Who is best at the Olympics? Not America
Analysis of all the Olympics data using Bayesian shrinkage
I am not particularly interested in sports unless it involves statistics. Recently, a major topic on X is posting about this or that US winner. Stuff like this:
So let’s check if the US is exceptional. It is true that it has the most medals overall, but it is also the most populous Western country by far. It is also true that Americans are very into sports, but I think mostly as observers and to some degree as semi-professional participants with the weird college sports stuff.
Working with Claude, I built a dataset of all Olympic medalists, split also by season. We only really care about the summer Olympics since few countries participate in the winter one (a few rich countries with mountains).
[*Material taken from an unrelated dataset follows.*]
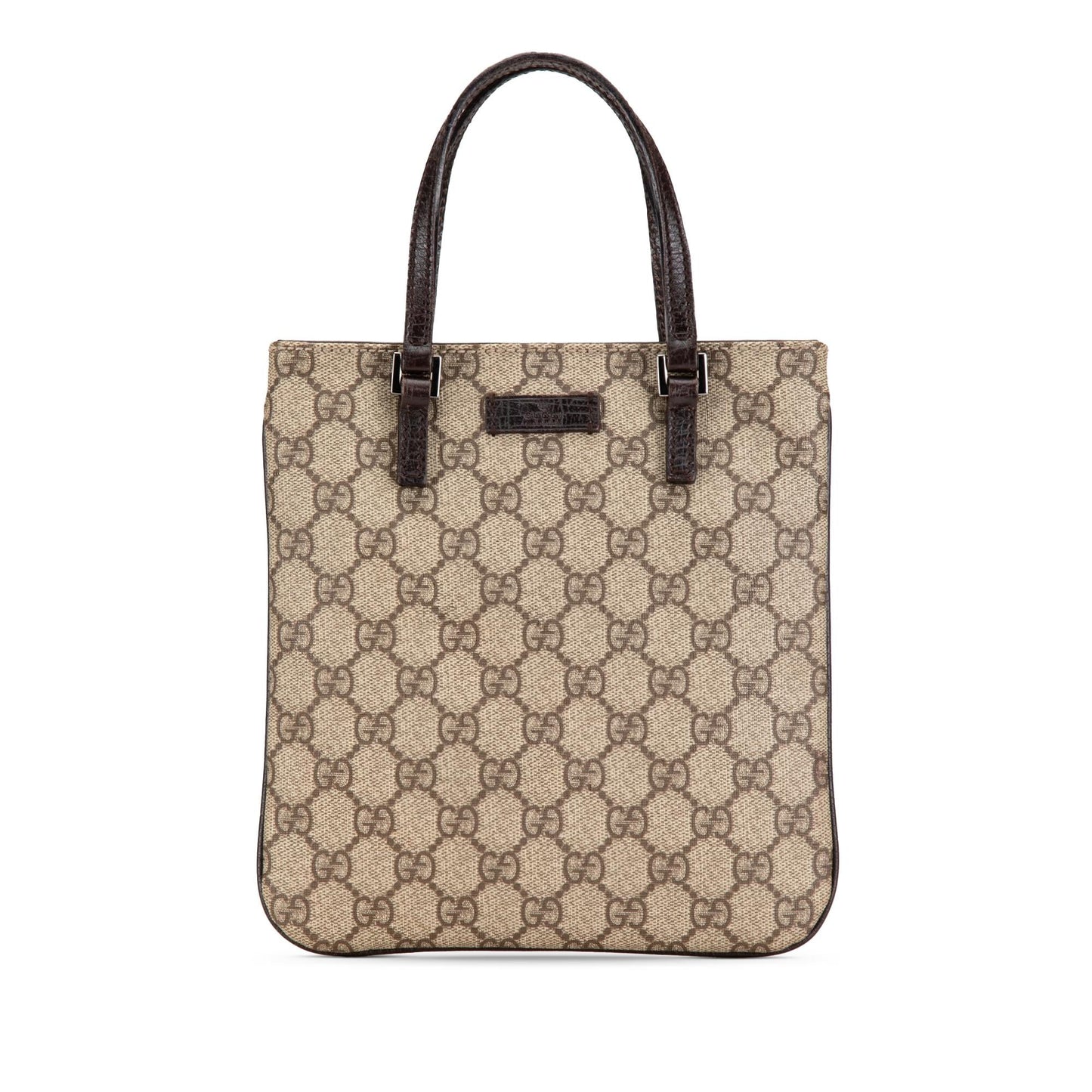 Gucci GG Supreme SHG-c4u5RB Canvas Calf Brown Mini Satchel Bag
The first problem with doing this is that many countries (or country-like units) split or merged during the period since the games began. For consistent counting, I created 2 datasets: all-time and modern. All-time is all countries with consistent borders since the first summer games in 1896. This means that some large countries like Germany and Russia are missing. This is because Germany was split 1945-1990 period, and we can’t just merge the data because it gives them double chances of winning. USSR included a number of countries, such as Ukraine, and we can’t easily split them. The modern data are from 1994, which includes all the East Block countries, though missing a few later splits (rest of Yugoslavia, Sudan).
Next I calculated the average population size for the same periods. Using these we can calculate the winning rates (medals / population). I use all medals for boosted statistical power, using golds only would give 1/3 of the data, and the objective difference in performance between top 1-3 is rather small. Next issue is that small populations result in large standard errors. So the top performers by the raw rates are going to be small countries/islands. To avoid this issue, we can penalize/shrink the data towards the global mean using empirical Bayes. This is the same method I used for the Oscar winners movie study. With this done, we can compare the results:
Red = adjusted and turquoise = raw rates. Notes:
For winter sports, we see both issues as Liechtenstein dominates with a tiny and mountainous country.
Fiji: It’s a tiny population and they are really into rugby (4 medals).
African/Caribbean: sprinting/track & field
Cuba/North Korea: heavy state involvement.
Anyway, looking at the top list for the summer data sorted by adjusted rate, we see some small countries that probably got lucky even after adjustment, as well as the Nordics, south Anglos, and a few East Europeans. USA does not perform that well. For the all time data, it ranks 26th of 116 for all time data, and 46th of 133 for 1994+ data. It’s good but not great. There’s no evidence of American exceptionalism here at all, just like for science (rank 45 of 226). Maps of winning rates:
So let’s go further and look into what predicts winning more at summer Olympics. I am not going to bother with the winter data because it is already obvious from the list above. Here I used a negative binomial since we have count data as the outcome. Our predictors are population size (average of the period), participation rate (% of games participated in, of the period), and GDP/HDI (average of the period). For the all-time data, we can’t use HDI since data only exist for 1900-present, so I used GDPpc (Maddison). For the modern data, we can use GDPpc or HDI. I compared the various models, and these are the results:
We see that for the historical data, participation was important and there was a lot of variation, and GDPpc was also important. When both are in the model, they both shrink, so participation is probably a partial mediator of GDPpc (poor countries don’t spend money on sending teams). For modern data, participation didn’t predict much mainly because there is little variation to begin with. Country development predicts performance, but HDI was a bit better than GDPpc. For the best models, we can look at the residuals for any clues to what explains the rest of the variation:
For the modern data, the positive residuals are Cuba, Nordics (not Finland), south Anglos, parts of Yugoslavia, and a scattering of others. The Americas, Muslims/MENAPT, and Asians underperform (except for North Korea). The all-time data shows about the same.
Anyway, so there we have it. These are the top performers at the Olympics. R notebook is here, and Github repo with data is here.